Even before I could come out of my happiness of finding a companion to walk with, I was surrounded by 4 grizzly looking godforsaken hillbilly goliats. I could only imagine hyenas surrounding a torn carcass ready to rip it into pieces. They called themselves the EIE seniors. In my entire life of 20 years, I have never seen anyone so scornful, so dangerous whose eyes meant death, whose words spoke of the things that let alone me, no man would have ever heard of and their sole mission of that day was to find juniors and rag them until they could digest all the shit they ate at that dubious DABBA. I will never forget that incident in my entire lifetime.

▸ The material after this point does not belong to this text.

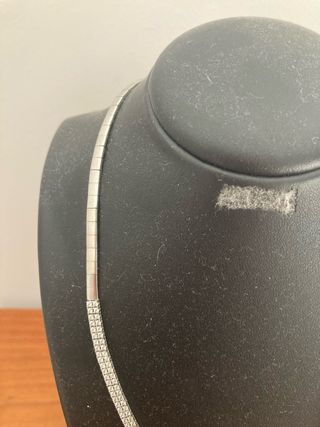 Gargantilla plata circonitas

Now I had two options infront of me. One was to stand infront of them and get ragged Or start running so hard that I would have to break the bolt's record of the fastest athelete to escape from this embarrassing situation. Either way I was at a loss, as I was outnumbered and outpaced from every angle as they seemed to be well built and muscular. I didn't dare choose the second option as it would only make it more easier for them to rip me apart. So I stood there like a brave heart waiting for the incarceration.